CORE - Using a Pipeline

Dedicated code in Core/Pipelines module.

General Policy

Several Pipelines are available with DeepPhysX, allowing the user to:

  • Generate synthetic data from simulations → DataGeneration

  • Train artificial neural networks with synthetic data → Training

  • Use the predictions of trained networks inside a simulation → Prediction

A Pipeline is always associated with a working session, whether it already exists or whether it is automatically created when the Pipeline is launched.

The main policy for creating and using a Pipeline is to first define a Configuration for each component involved by this Pipeline. Configurations can then be mandatory for Dataset, Network and Environment if one wants to create a Pipeline. Once these Configurations are defined, the Pipeline can be created and launched.

Note

More details are provided for each Configuration in dedicated sections.

Pipeline - Data generation

The DataGeneration will only involve an Environment and a Dataset, so this Pipeline requires the corresponding Configurations.

As the purpose of this Pipeline is only to create synthetic data, the working session will always be created at the same time. The name of the repository to create can be provided as a parameter.
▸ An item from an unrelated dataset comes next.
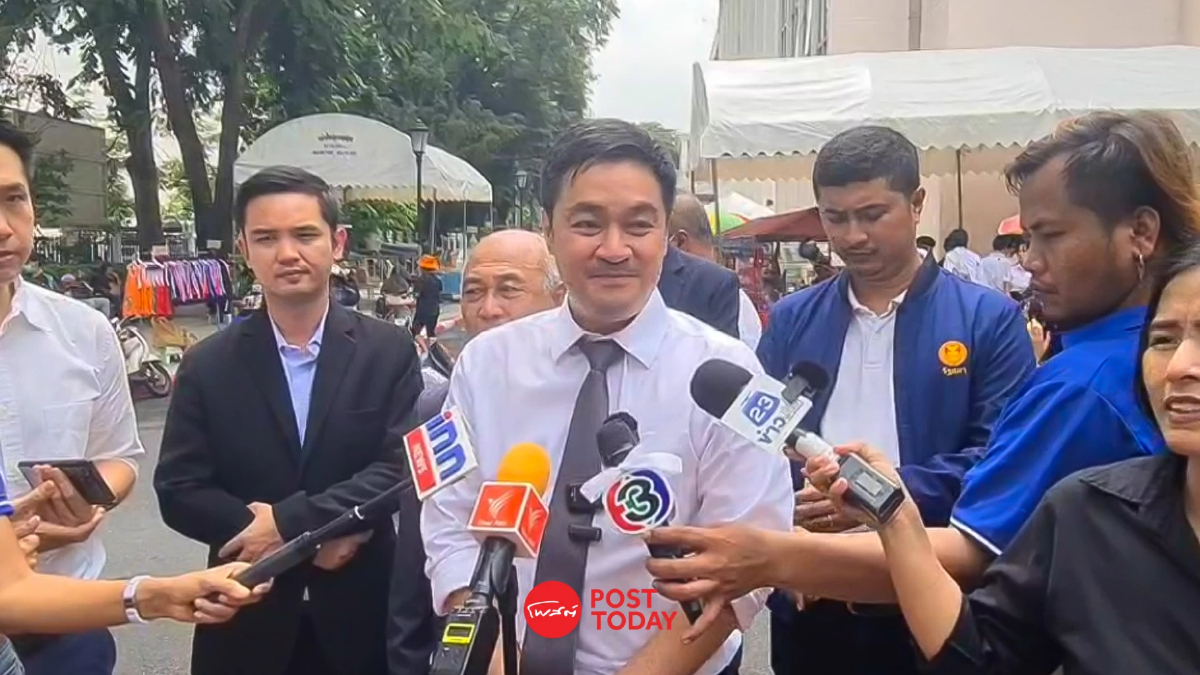 'ปดิพัทธ์ สันติภาดา'ลั่นไม่สังกัดพรรคร่วมรัฐบาล 'ปดิพัทธ์ สันติภาดา'ลั่นไม่สังกัดพรรคร่วมรัฐบาล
Furthermore, users have to define which data to save and how much :

  • The number of batches to produce

  • The number of samples in a single batch

Warning

This pipeline does not involve a Network, the get_prediction request from Environment is then disabled. Trying to launch this request it will lead to an error, so make sure there are no such requests in the data production procedure in your Environment.

See following example:

# Import BaseDataGeneration and Config objects
from DeepPhysX.Core.Pipelines.BaseDataGeneration import BaseDataGeneration
...

# Define configs
dataset_config = ...
environment_config = ...

# Create the pipeline
data_generator = BaseDataGeneration(session_dir='sessions',
                                    session_name='my_data_generation',
                                    dataset_config=dataset_config,
                                    environment_config=environment_config,
                                    batch_nb=500,
                                    batch_size=16)

# Launch the pipeline
data_generator.execute()

Pipeline - Training

The Training can involve an Environment, a Dataset and a Network, so this Pipeline might require the corresponding Configurations. There are several ways to use this pipeline:

Training a Network from scratch

To train a Network from scratch, the Training requires the whole set of Configurations. A new working session will be created, whose name can be set as a parameter.

Training a Network with an existing Dataset

Training a new Network with an existing Dataset is considered as creating a new working session. The path to the Dataset to use has to be provided as a parameter. Using an Environment is not mandatory since the training data can already have the right format to feed the Network. If some data computation must be performed between the Dataset and the Network, an Environment can be created with the specific Configuration (see more in the dedicated section).

Training a Network from an existing Network state

Training from an existing Network state can be done both in an existing session or in a new session. If you want to work in the same session, you have to configure the Training to do so, otherwise a new working session will be automatically created. In the same session, a new set of trained parameters will be added in the network repository, either trained with data from an external Dataset (whose path must be provided) or with data from the Environment (whose Configuration must be provided).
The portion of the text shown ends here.